» EXERCISE PROMPT
Only the lines of the listing below that run from the line with "VASELINE Baby Protecting Jelly 50ml" through the line with "CLAVISTER UTM FIREWALL" are to be set down, word for word. Pictures stay out.

DATA RECORDS Start Marker

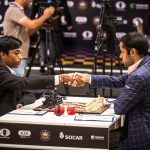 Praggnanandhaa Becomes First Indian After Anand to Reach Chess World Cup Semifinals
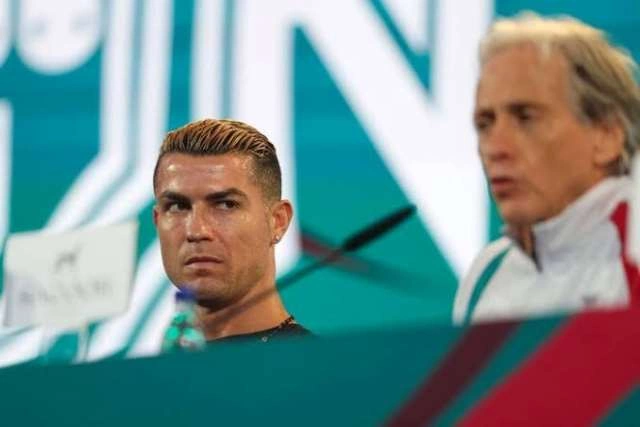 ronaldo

DATA RECORDS End Marker
DATA RECORDS Start Marker

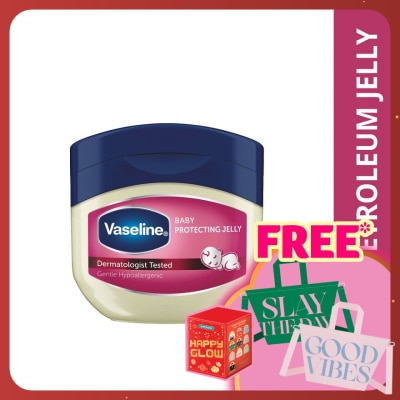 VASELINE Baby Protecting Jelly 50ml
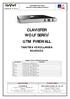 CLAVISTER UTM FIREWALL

DATA RECORDS End Marker

» RESPONSE
 VASELINE Baby Protecting Jelly 50ml
 CLAVISTER UTM FIREWALL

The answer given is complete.